In her fury, Amity’s mother discovers the figures present in the photograph, labelling them as a “distraction” from her daughter’s progress. In actuality, they’re the very things preventing our heroine from falling into abject despair. The episode has Luz and company being expelled from school as Amity is forced to stand and watch, too afraid to go against her parents; wishes in the fear of being outed and cast aside. It’s what a lot of people would do if put in her shoes, and it isn’t until Luz is placed in mortal danger that Amity comes to realise that her feelings mean far more than pleasing those who simply don’t care about her identity.
To restore their status at school, Luz agrees to partake in a presentation on behalf of Amity’s parents. Unfortunately, they’re dodgy arms dealers and aim on murdering the teenager in cold blood instead of sitting down to talk things out. This is a kid’s show by the way. It doesn’t take long for Amity to cotton on to her friend’s situation, bursting in to save the day even if it means severing ties with her family for good. Her mother screams in disdain, demanding her daughter step aside unless she wants to be abandoned for good, left behind like the meddlesome little girl she is. In response, Amity takes the family necklace around her neck and crushes it to pieces, a symbolic gesture of growth that shows she is ready to accept who she is, confronting trauma and coming to realise it doesn’t control her anymore.
For young viewers, this is a monolithic statement, one with too few examples in animation when it comes to showcasing the challenges that accompany the acceptance of one’s own queer identity. Amity Blight is a lesbian, as confirmed by showrunner Dana Terrace, and The Owl House isn’t afraid of shining a light on the brilliance of young love, and the trials and tribulations that come with hiding inside a closet that is far from your own making. The first hesitant steps out of this box aren’t meant to be easy, and you will face resistance, but in Amity’s case, she’s met with open arms by Luz, her friends, and siblings who understand the pressures that come with being the youngest child amidst a family of stubborn perfectionists.

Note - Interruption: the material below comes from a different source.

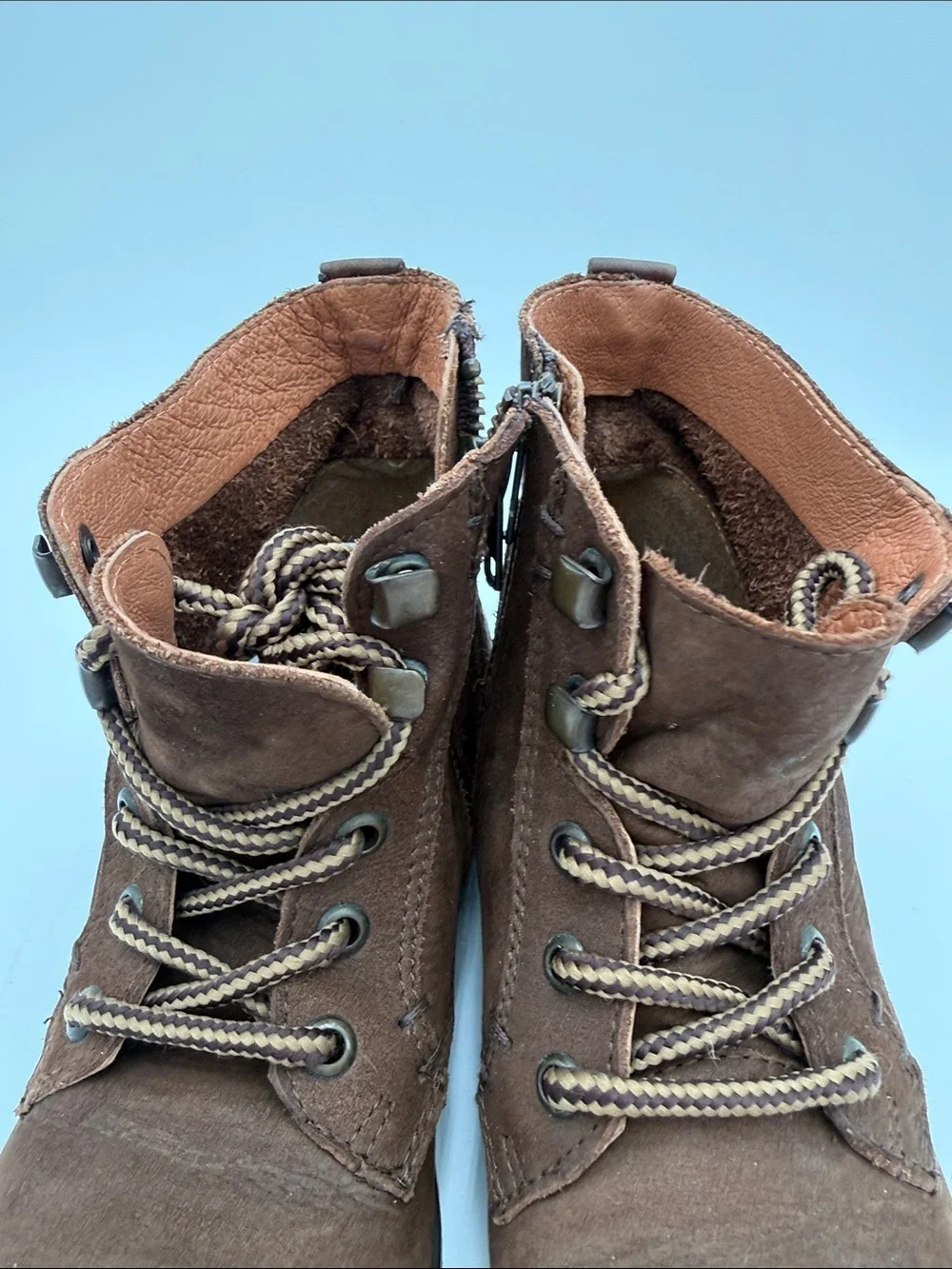 Steve Madden Brown Suede Lace-Up Ankle Boots women 6.5 Side Zip combat Y2K retro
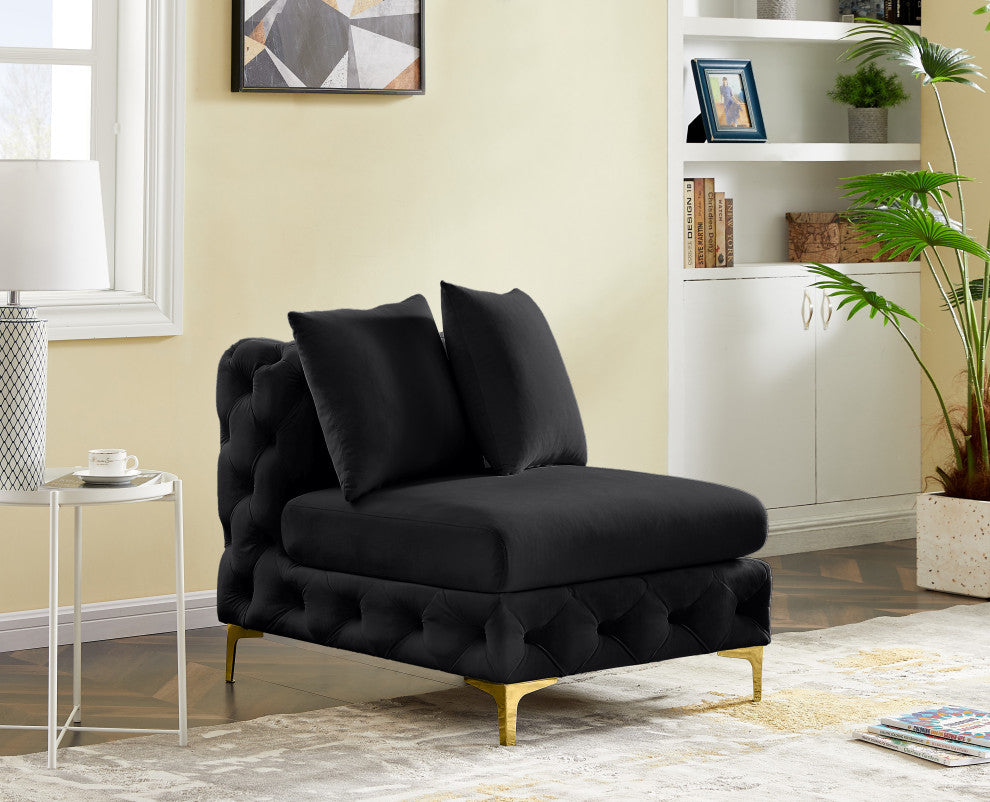 Tremblay Velvet Upholstered Armless Chair, Black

If this episode can help even one teenager coming to terms with their identity feel welcome, or reassure those in problematic family situations that things can get better, it’s done more than it could ever imagine. I didn’t have such examples of queer representation as a child, so it feels important to highlight shows that come along and willingly change the game. The fact it’s under the Disney umbrella is more impressive, given the company is infamous for editing out minimal queer voices to appease international audiences. The Owl House makes it so integral to the narrative and thematic execution that it can’t really be ignored without butchering the show’s overall message, and I’m glad Disney understands this.
Rebellion remains a necessary part of the queer experience. It’s not something young people can willingly partake in, but Amity Blight and The Owl House have shown that it’s okay to strive for a future where your identity is welcomed, even if it means leaving behind those close to you.